### Introduction

Many conventional statistical methods employ **the Normal approximation to the Binomial distribution** (see Binomial → Normal → Wilson), either explicitly or buried in formulae.

The well-known Gaussian population interval (1) is **inverted** to obtain (2).

*Gaussian interval* (*E*⁻, *E*⁺) ≡ *P* ± *z*√*P*(1 – *P*)/*n*. (1)

where *n* represents the size of the sample, and *z* the two-tailed critical value for the Normal distribution at an error level α, more properly written *z*_{α/2}. The standard deviation of the population proportion *P* is *S* = √*P*(1 – *P*)/*n*, so we could abbreviate the above to (*E*⁻, *E*⁺) ≡ *P* ± *zS*.

When these methods require us to calculate a confidence interval about an observed proportion, *p*, we must invert the Normal formula using the Wilson score interval formula (Equation (2)).

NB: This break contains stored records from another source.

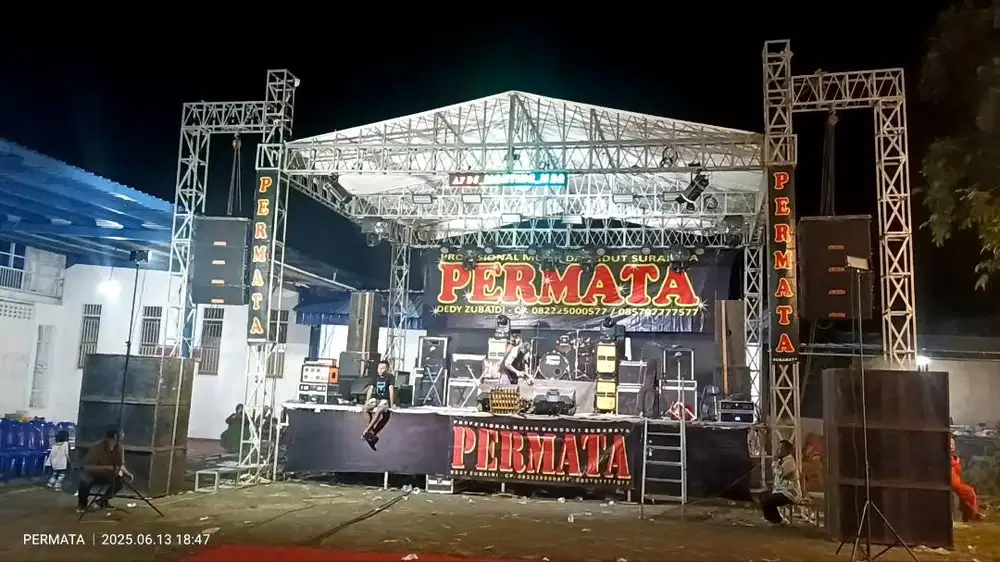 Hiburan musik dangdut , orkes dan electone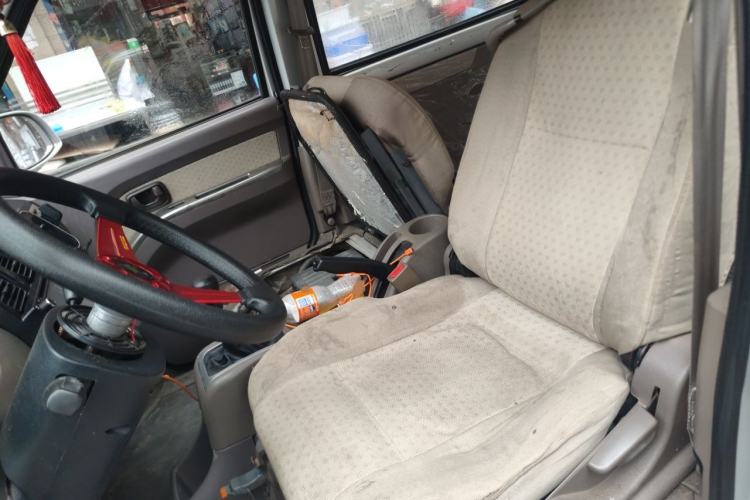 Used Wuling Rongguang 2012 1.5L Extended Standard Version Left Front Seat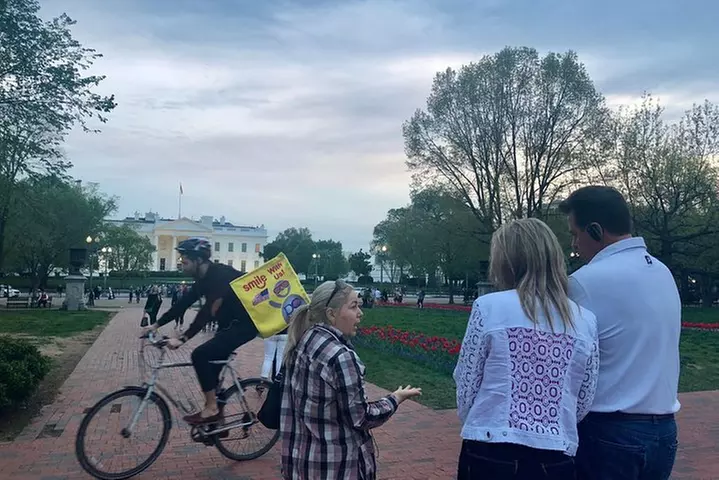 DC Night Tour With Magic LED- Pick Up/Drop, Snacks, LED Bracelets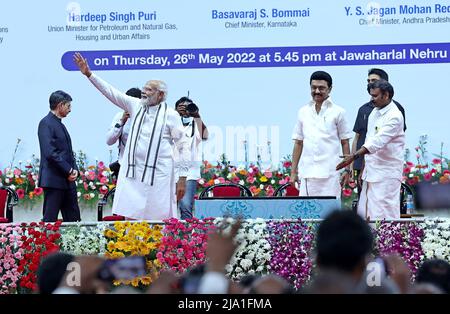Chennain, Inde, 26th mai 2022: Premier ministre de l'Inde Narendra Modi lors de la pose de la fondation et de l'inauguration des projets d'infrastructure à l'échelon de 31580/- sur les chemins de fer, les routes nationales, les pipelines pétroliers et les projets de logement, à Chennai jeudi. Seshadri SUKUMAR Banque D'Images
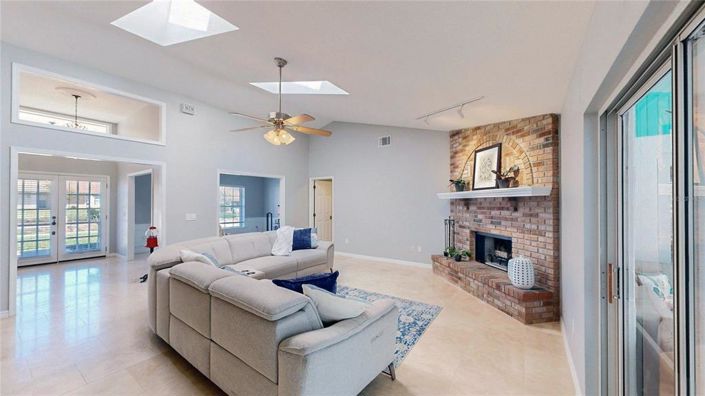 Image No.30-4 Bed House for sale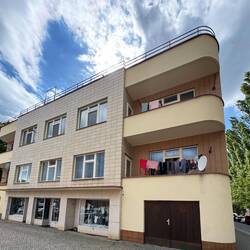 Das ganze Viertel wurde in der Zeit errichtet.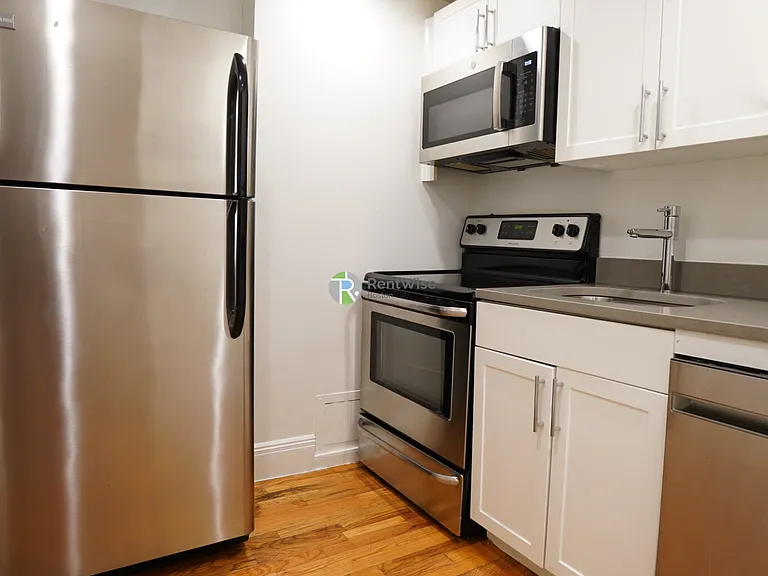 12 Brainerd Rd #15 — Photo 8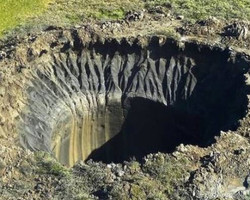 O mistério das enormes crateras que explodem na Sibéria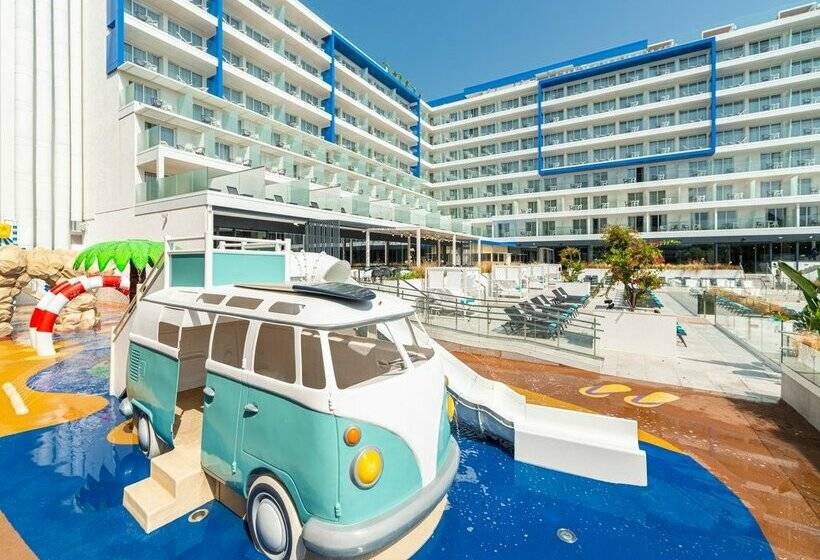 L'Azure Hotel 4* Sup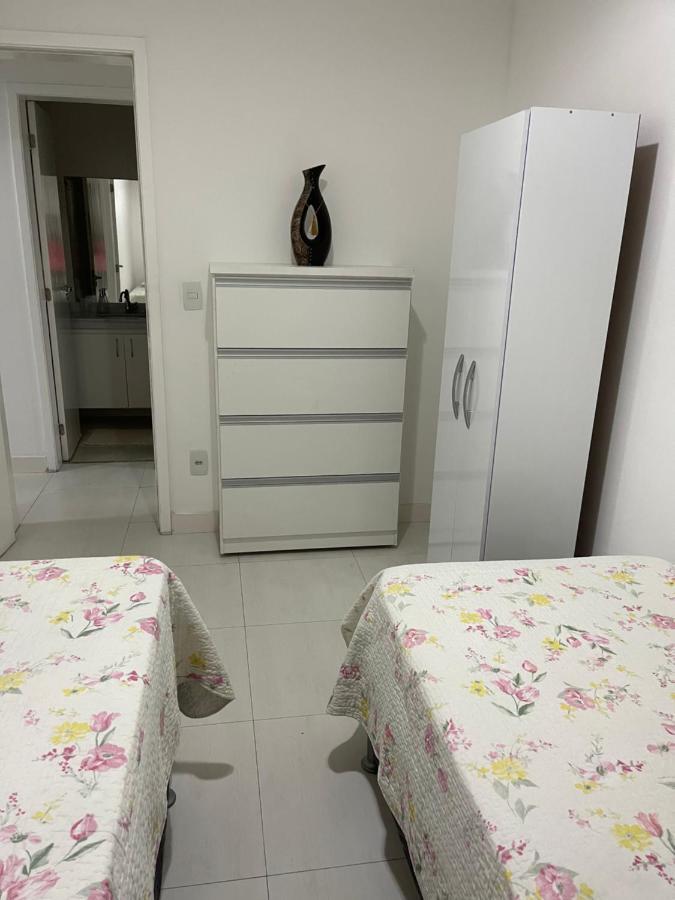Apartamento com varanda e piscina Cabo Frio Esterno foto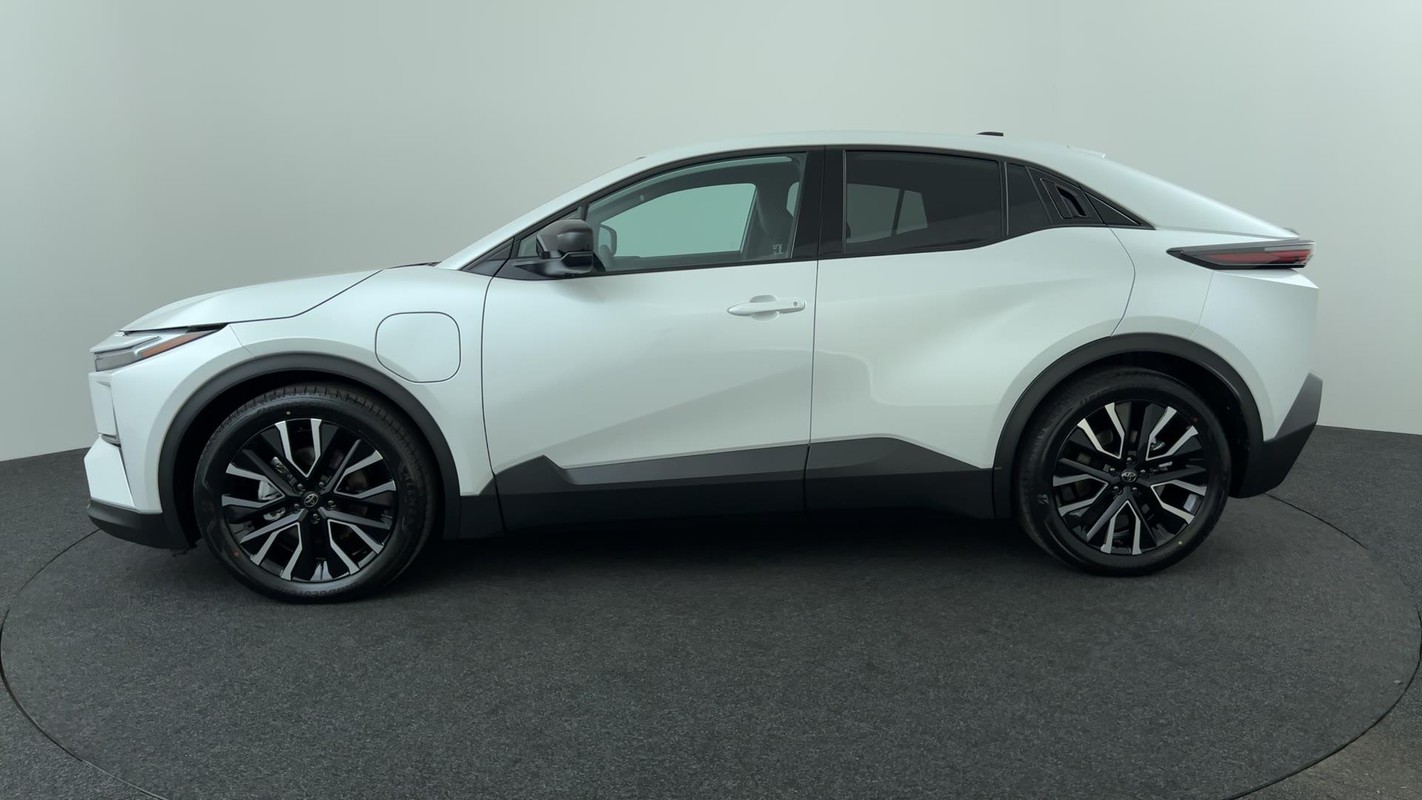 Toyota C-HR+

*Wilson score interval* (*w*⁻, *w*⁺) ≡ [*p* + *z*²/2*n* ± *z*√*p*(1 – *p*)/*n* + *z*²/4*n²*] / [1 + *z*²/*n*].(2)

In a 2013 paper for JQL (Wallis 2013a), I referred to this inversion principle as the ‘interval equality principle’. This means that if (1) is calculated for *p* = *E*⁻ (the Gaussian lower bound of *P*), then the upper bound that results, *w*⁺, will equal *P*. Similarly, for *p* = *E*⁺, the lower bound of *p*, *w*⁻ will equal *P*.

We might write this relationship as

*p* ≡ GaussianLower(WilsonUpper(*p*)), or

*P* ≡ WilsonLower(GaussianUpper(*P*)), etc. (3)

where we have functions *E*⁻ = GaussianLower(*P*), *w*⁺ = WilsonUpper(*p*), etc.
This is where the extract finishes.